**INSTRUCTIONS FOR THE TASK**
From the line that contains "Property at 1233 Duffield STREET W image 1" to the final line of the entries below, write out every line exactly as it appears, and nothing else.

•••••

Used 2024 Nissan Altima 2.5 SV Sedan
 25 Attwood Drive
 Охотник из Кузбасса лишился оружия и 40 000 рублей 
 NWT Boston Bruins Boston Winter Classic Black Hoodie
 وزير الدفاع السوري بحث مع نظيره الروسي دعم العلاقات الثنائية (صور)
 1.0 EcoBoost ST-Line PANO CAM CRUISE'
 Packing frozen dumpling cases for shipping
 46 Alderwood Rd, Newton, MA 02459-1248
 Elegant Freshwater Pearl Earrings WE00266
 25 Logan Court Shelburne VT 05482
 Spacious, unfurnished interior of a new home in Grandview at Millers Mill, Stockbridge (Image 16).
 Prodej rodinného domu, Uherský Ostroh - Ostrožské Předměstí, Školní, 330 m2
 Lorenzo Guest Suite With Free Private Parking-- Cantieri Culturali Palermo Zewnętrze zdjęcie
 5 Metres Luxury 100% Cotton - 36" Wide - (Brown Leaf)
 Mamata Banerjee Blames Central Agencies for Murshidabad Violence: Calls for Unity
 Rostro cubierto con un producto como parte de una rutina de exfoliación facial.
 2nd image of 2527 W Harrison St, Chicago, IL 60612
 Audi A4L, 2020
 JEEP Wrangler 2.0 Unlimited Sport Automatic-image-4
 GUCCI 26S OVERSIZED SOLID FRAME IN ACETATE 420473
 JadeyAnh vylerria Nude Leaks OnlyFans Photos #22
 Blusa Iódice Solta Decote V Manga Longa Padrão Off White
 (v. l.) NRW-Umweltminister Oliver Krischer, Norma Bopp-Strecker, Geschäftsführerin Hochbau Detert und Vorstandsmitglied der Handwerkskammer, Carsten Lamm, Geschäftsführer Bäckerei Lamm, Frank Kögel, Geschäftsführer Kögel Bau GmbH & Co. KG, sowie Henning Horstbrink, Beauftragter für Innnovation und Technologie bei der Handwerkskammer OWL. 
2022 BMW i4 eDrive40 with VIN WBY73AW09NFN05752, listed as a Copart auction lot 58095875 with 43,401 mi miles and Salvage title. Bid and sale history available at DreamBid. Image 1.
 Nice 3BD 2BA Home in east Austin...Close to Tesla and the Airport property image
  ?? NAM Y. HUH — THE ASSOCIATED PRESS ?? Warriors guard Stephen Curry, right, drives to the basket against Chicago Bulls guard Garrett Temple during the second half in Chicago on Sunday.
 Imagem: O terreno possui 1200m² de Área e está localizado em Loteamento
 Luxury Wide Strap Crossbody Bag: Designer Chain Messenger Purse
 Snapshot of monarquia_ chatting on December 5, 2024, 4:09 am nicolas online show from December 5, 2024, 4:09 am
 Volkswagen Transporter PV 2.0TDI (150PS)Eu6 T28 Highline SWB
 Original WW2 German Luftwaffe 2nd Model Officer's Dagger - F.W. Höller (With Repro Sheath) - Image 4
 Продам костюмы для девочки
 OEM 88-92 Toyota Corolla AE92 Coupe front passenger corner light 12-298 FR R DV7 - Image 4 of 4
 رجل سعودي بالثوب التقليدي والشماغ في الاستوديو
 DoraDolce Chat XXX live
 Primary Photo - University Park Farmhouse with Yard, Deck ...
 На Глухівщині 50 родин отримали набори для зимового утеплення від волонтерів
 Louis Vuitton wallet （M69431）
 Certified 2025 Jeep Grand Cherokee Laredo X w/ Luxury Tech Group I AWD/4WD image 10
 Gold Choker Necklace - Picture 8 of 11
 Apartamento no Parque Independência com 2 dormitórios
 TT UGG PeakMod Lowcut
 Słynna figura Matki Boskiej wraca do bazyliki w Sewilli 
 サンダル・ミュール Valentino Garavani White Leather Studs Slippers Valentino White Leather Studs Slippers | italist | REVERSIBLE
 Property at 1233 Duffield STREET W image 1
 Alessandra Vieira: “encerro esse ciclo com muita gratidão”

•••••

**EXERCISE SOLUTION**
 Property at 1233 Duffield STREET W image 1
 Alessandra Vieira: “encerro esse ciclo com muita gratidão”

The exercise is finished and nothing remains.